In PySpark, explode and explode_outer are functions used to work with nested data structures, like arrays or maps, by “exploding” (flattening) each element of an array or key-value pair in a map into separate rows.

### **explode()**

The explode() function takes a column with array or map data and creates a new row for each element in the array (or each key-value pair in the map).

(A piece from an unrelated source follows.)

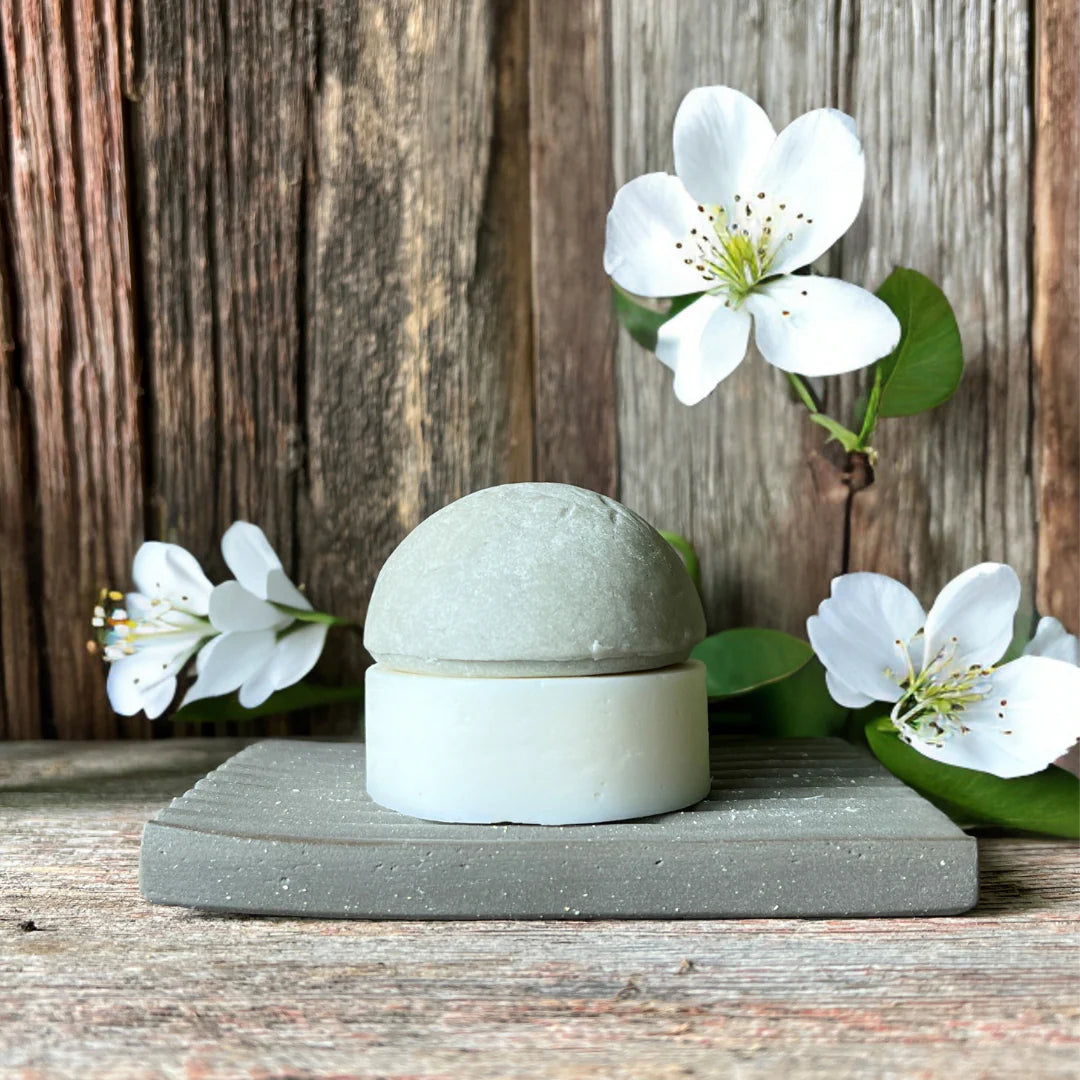 Oneka - Conditioner Bar White Pine + Petitgrain - all things being eco chilliwack canada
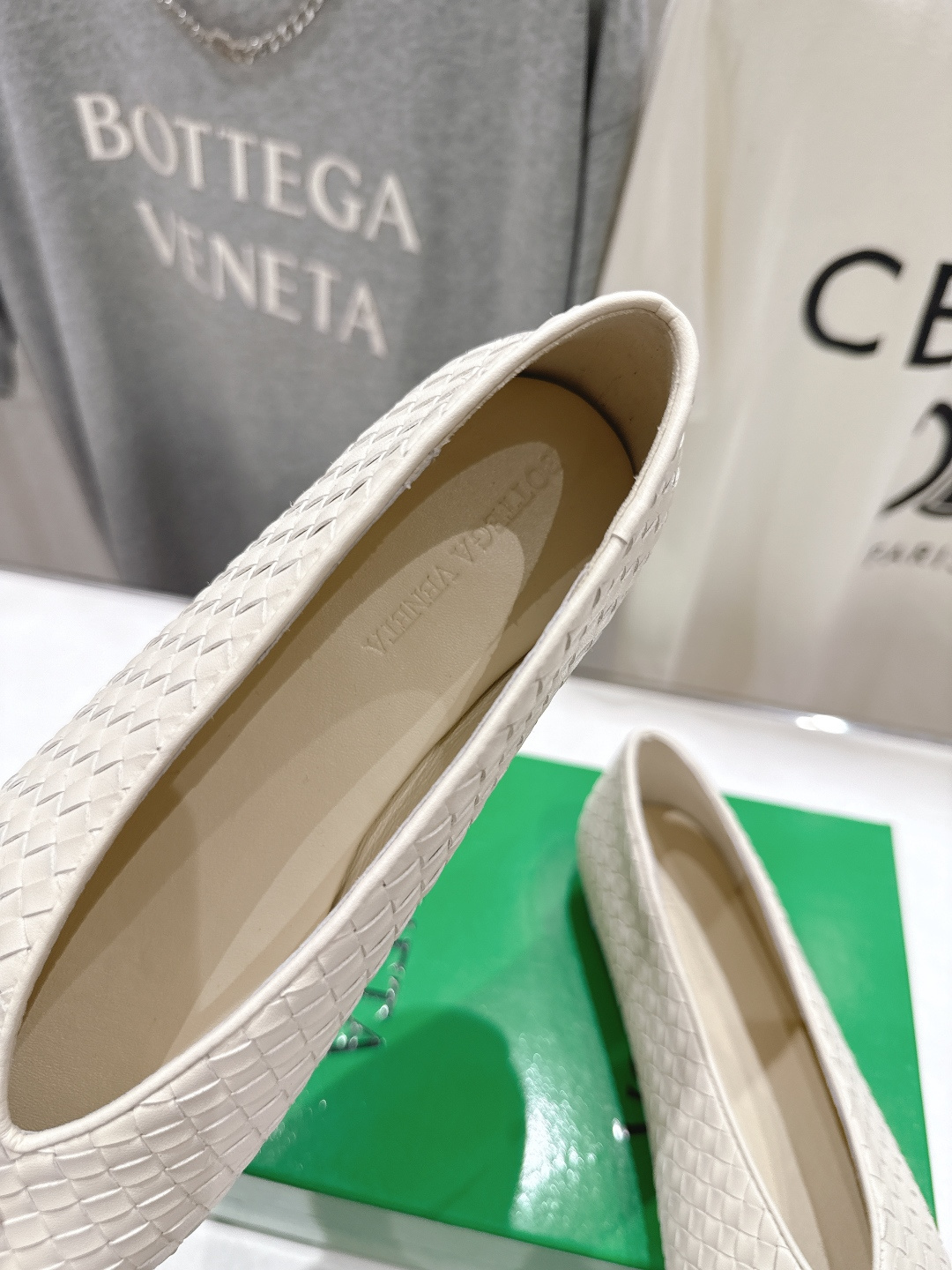 高版本出厂Bottega Veneta/BV F065 2026ss新款编织玛丽珍平底鞋乐福鞋 高定的配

If the array is empty or null, explode() will drop the row entirely.

**Key Characteristics :**
* Converts each element in an array or each entry in a map into its own row.
* Drops rows with null or empty arrays.



In [1]:
from pyspark.sql import SparkSession
from pyspark.sql.types import *
from pyspark.sql.functions import *  # Import the function
spark = SparkSession.builder.getOrCreate()
from pyspark.sql.functions import regexp_replace, col
from google.colab import drive


In [4]:
# Sample DataFrame with arrays
data = [
      ("Alice", ["Math", "Science"]),
      ("Bob", ["History"]),
      ("Cathy", []), # Empty array
      ("David", None) # Null array
      ]

df = spark.createDataFrame(data, ['Name', 'Subject'])

df.show()


+-----+---------------+
| Name|        Subject|
+-----+---------------+
|Alice|[Math, Science]|
|  Bob|      [History]|
|Cathy|             []|
|David|           NULL|
+-----+---------------+



In [5]:
# Use explode to flatten the array

exploded_df = df.select(df['Name'], explode(df['Subject']).alias('subject'))

#show the result
exploded_df.show()

'''
Explanation:
explode() expands the Subjects array into individual rows.
Rows with empty ([]) or null arrays (None) are removed, which is why Cathy and David do not appear in the output
'''

+-----+-------+
| Name|subject|
+-----+-------+
|Alice|   Math|
|Alice|Science|
|  Bob|History|
+-----+-------+



## explode_outer()
The explode_outer() function works similarly to explode(), but it keeps rows with null or empty arrays.


**Key Characteristics :**
* Converts each element in an array or each entry in a map into its own row.
* Retains rows with null or empty arrays, using null values in the exploded column.

In [6]:
explode_outer_df = df.select(df['Name'], explode_outer(df['Subject']).alias('subject'))
explode_outer_df.show()

+-----+-------+
| Name|subject|
+-----+-------+
|Alice|   Math|
|Alice|Science|
|  Bob|History|
|Cathy|   NULL|
|David|   NULL|
+-----+-------+